Opinion: US-type presidential debates aren't us

If there was one thing that the George Bush campaign team could change it would be having to take part in the presidential debates.

Indeed, no incumbent president, least of all Bush, would want to face his opponent on an equal footing. For this president the debates, so far, have been a disaster. In the first one, it was patently obvious that this was the first time since being elected leader that he has had to face any direct attack or fierce questioning at all. The US presidential press corp is a complete joke and he never faces any opposition like our Prime Minister does in the House of Commons. And boy did his discomfort show.

I've never seen such an open display of scowling. Unfortunately, millions of viewers could see it too. And just in case anyone missed it, within hours of the debate finishing, the Democrats produced a whole video of Bush reactions to being told a few home truths.
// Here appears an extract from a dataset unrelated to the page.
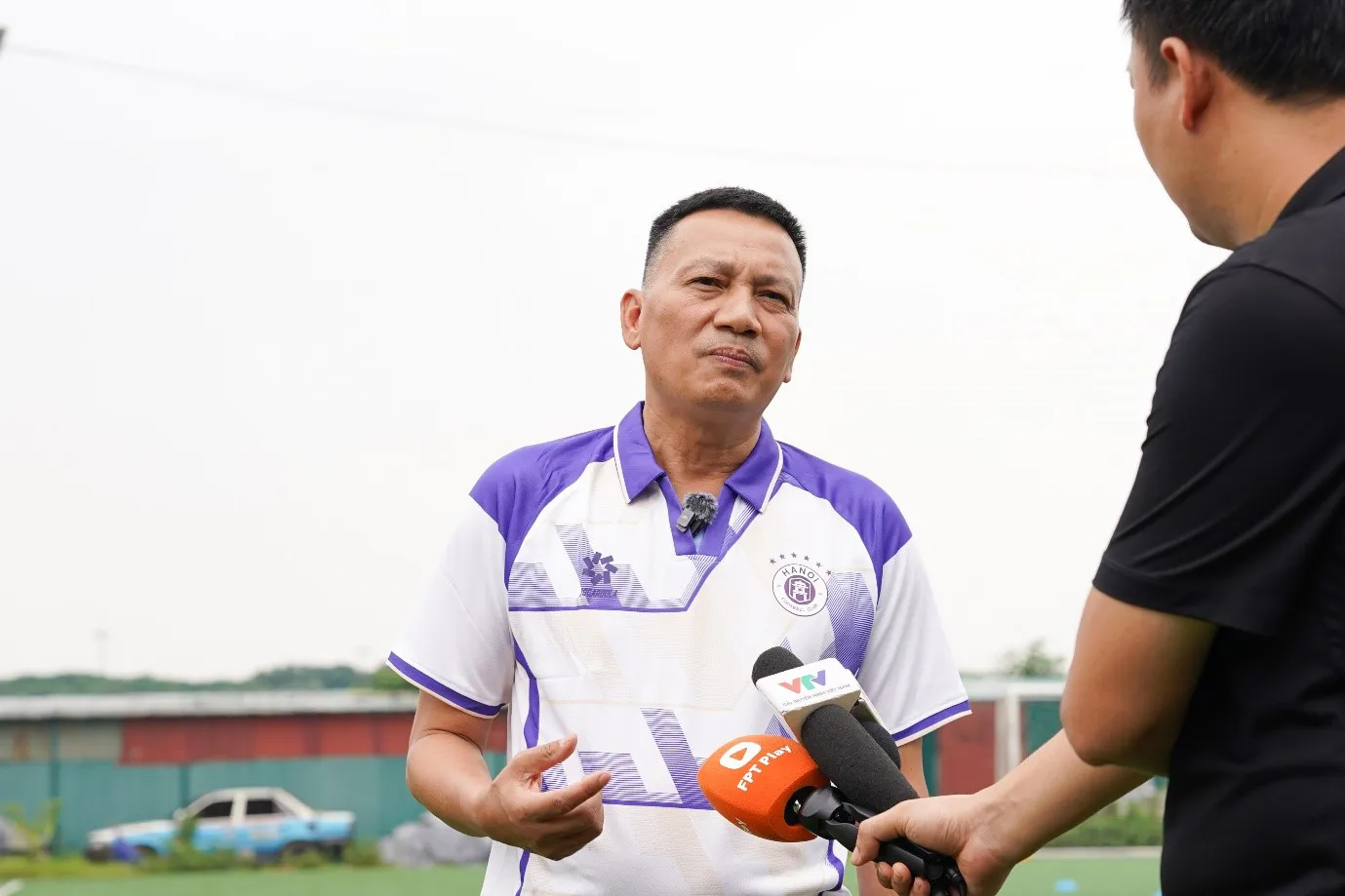 Đại biểu HĐND Đỗ Vinh Quang hiện thực hóa cam kết về bóng đá học đường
By the second debate, Bush had learnt his lesson and pretended to listen to his opponent, but now he is being accused of having a listening device stuffed up the back of his shirt.

So why couldn't Bush get out of the debates? The simple fact is that it has become an established part of the campaign and to back out would cost even more votes than an inept performance.

So why can't we have similar debates in Britain? In recent history, the reason has been simple. Tony Blair has bottled it. The great communicator has simply not wanted to risk being torn apart by his opponents, and to be fair, why should he? Popular myth has it that no PM would risk taking part in such an event, but John Major did. When he was miles behind in the polls in 1997 he agreed to a debate and the Labour PR machine spent months trying to wreck the idea. Derry Irvine and others were sent to meetings with the BBC bigwigs with the specific instructions to extend discussion but to ensure no debate took place. It was not difficult to sabotage because, in a multi-party democracy, how do you fit in the minor parties?

Live debates are avoided by sensible politicians at all cost. Just look at how quickly Patricia Hewitt caved in and had to say sorry on Question Time last week. I witnessed Kenneth Clarke being savaged on Tory tax rises in a Granada 500 debate with Gordon Brown in 1997 and thanked God that the audience didn't know what plans we had.

The only way that a debate will happen now is if the two major parties are very close in the polls and both leaders and their PR teams think it's worth taking the risk. But if it is so close no one will want to take that risk.